We hope the Department’s expectation that this number will rise significantly by February 2016 proves to be accurate.

As the Department has justified this spending on the promise of benefits in the future – such as from higher employment - rather than on the actual delivery of benefits to date, we simply cannot judge the value for money of this expenditure at this stage.

The IT infrastructure for Universal Credit continues to be of particular concern. The Department has spent £344 million with suppliers developing its 'live' service systems for claimants who have straightforward initial claims which do not involve all 6 benefits, yet it expects to re-use just £34 million worth of this IT in the longer term.

The live systems are technically limited and expensive to operate because they require manual intervention. The Department is developing and testing a new digital service, which it intends will deliver Universal Credit to all types of claimant in the long term.

In the meantime it has adopted a 'twin-track approach' – running the two separate systems in parallel. This is complicated and expensive. The Department believes this will bring forward the anticipated benefits of the programme but it must ensure it does not allow the mixed, two-track approach to continue for longer than is required.

Both the Department and HM Treasury now regard the live service as the programme’s de facto contingency, even though the Major Projects Authority told us last year that it doubted those systems were capable of handling the full range of claimants.

The Department 'reset' the programme in early 2013 following a Major Projects Authority review which expressed serious concerns about the programme lacking detailed plans, and it has now put Universal Credit on a sounder footing. Since the reset, however, the Department has already fallen a further six months behind schedule for developing the digital service.

The Office for Budget Responsibility already assumes a further six month delay to the digital service in its independent estimates, and the Major Projects Authority recently gave the programme an amber-red rating.

The Department must set out clearly what it has really gained from its spending so far, including from the piloting of the programme, and from the investment in live service IT systems.

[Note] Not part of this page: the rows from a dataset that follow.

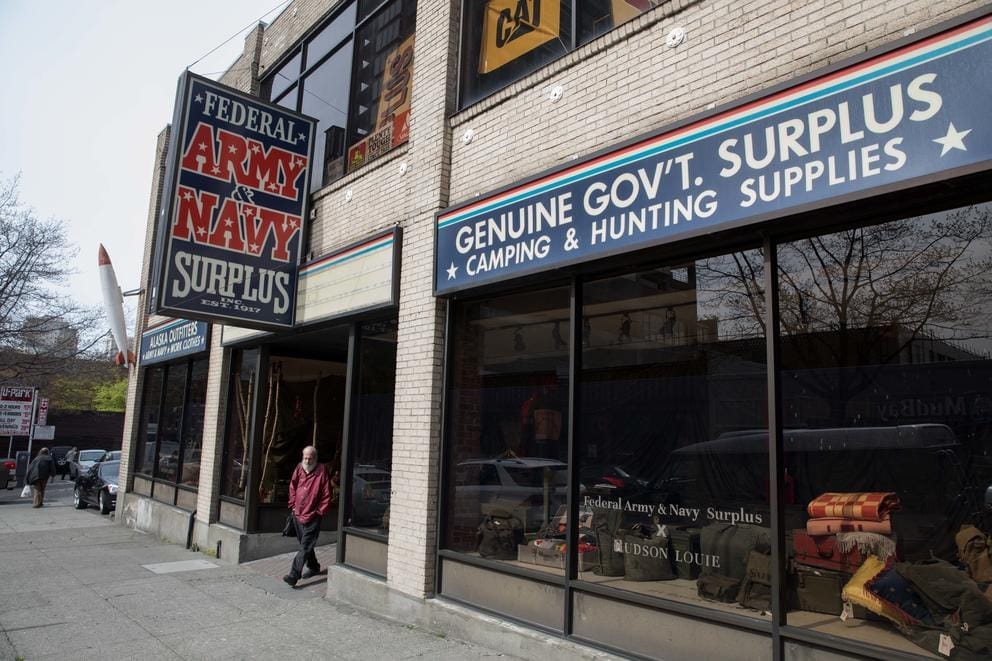 A man walks out the door of the Federal Army & Navy Surplus store in Seattle’s Belltown neighborhood, April 19.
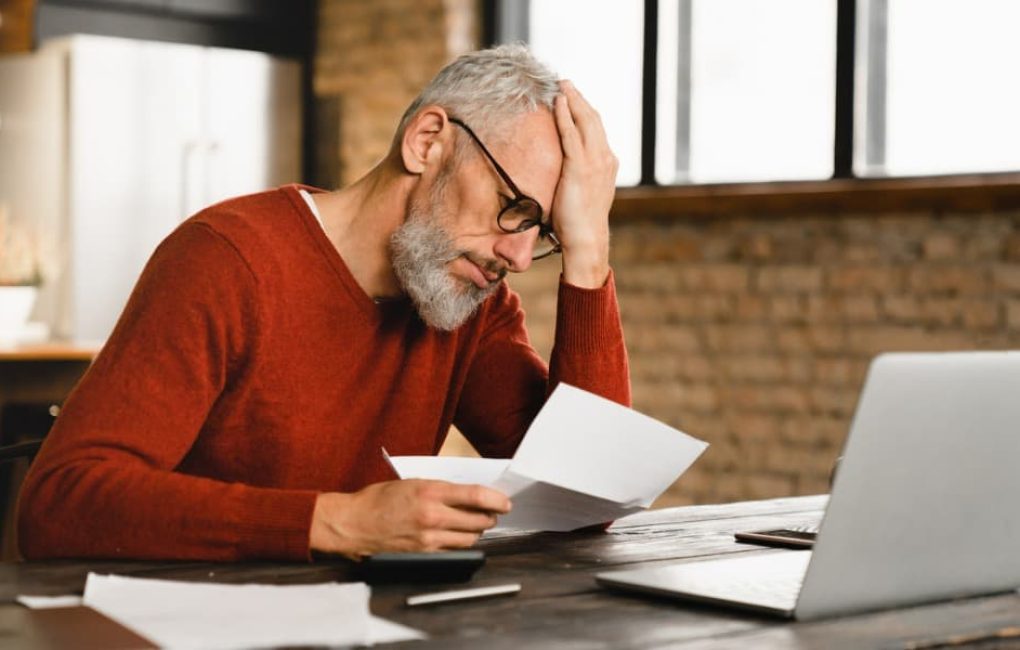 Worried Man Reading A Tax Notice About The Irs Negligence Penalty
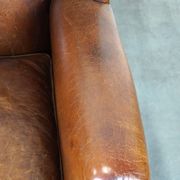 Fauteuil à oreilles particulièrement confortable en cuir de mouton, couleurs époustouflantes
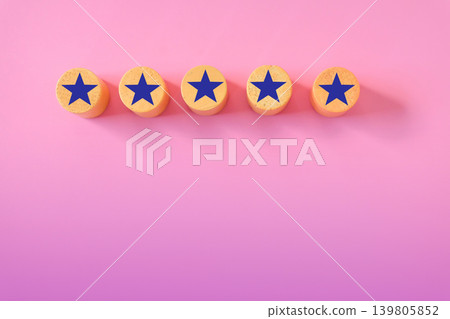Star sign over wood cube on color background. Star sign over wood cube on color background. 139805852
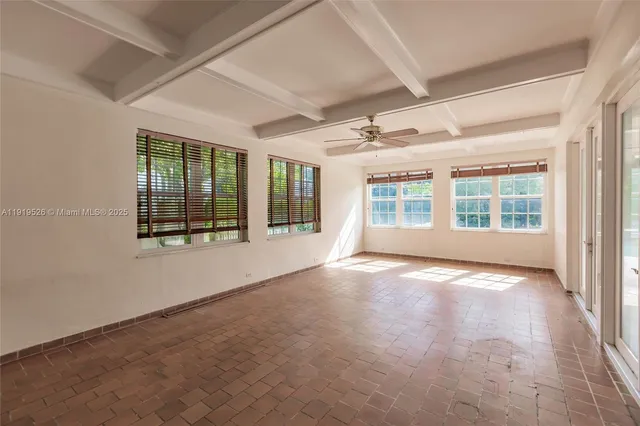 a view of an empty room with glass door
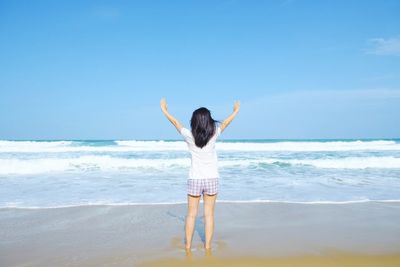 Rear view of man standing at beach against sky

Spending on the programme so far has been approved by the Treasury through a series of funding requests for specific activities. Over a year after the re-set, the Treasury has now signed off the 'strategic business case', the first of three stages in developing a full business case for the programme. The Treasury must ensure that the Department continues to identify and critically assess a range of realistic options for delivering Universal Credit.

We were disappointed that the Department chose to fight a protracted legal battle to prevent the publication of its programme milestones schedules against which it could be held to account publicly, although it appears to have become more open and improved its governance of the programme recently.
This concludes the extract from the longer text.